MongoBleed Explained Simply(bigdata.2minutestreaming.com)
186 points | 71 comments
kentonv 10 hours ago|
A few years back I patched the memory allocator used by the Cloudflare Workers runtime to overwrite all memory with a static byte pattern on free, so that uninitialized allocations contain nothing interesting.

We expected this to hurt performance, but we were unable to measure any impact in practice.

Everyone still working in memory-unsafe languages should really just do this IMO. It would have mitigated this Mongo bug.

amomchilov 5 hours ago||
Recent macOS versions zero out memory on free, which improves the efficacy of memory compression. Apparently it’s a net performance gain in the average case
cperciva 7 hours ago|||
A few years back I patched the memory allocator used by the Cloudflare Workers runtime to overwrite all memory with a static byte pattern on free, so that uninitialized allocations contain nothing interesting.

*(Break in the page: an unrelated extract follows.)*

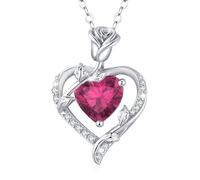 MISUMOR Collier Femme Argent 925, Collier Or Rose avec Pendentif Coeur Bijoux Idee Cadeau Femme Anniversaire Saint-Valentin Noël Cadeau Maman Fête des Mères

Note that many malloc implementations will do this for you given an appropriate environment, e.g. setting MALLOC_CONF to opt.junk=free will do this on FreeBSD.

MuffinFlavored 6 hours ago|||
> OpenBSD uses 0xdb to fill newly allocated memory and 0xdf to fill memory upon being freed. This helps developers catch "use-before-initialization" (seeing 0xdb) and "use-after-free" (seeing 0xdf) bugs quickly.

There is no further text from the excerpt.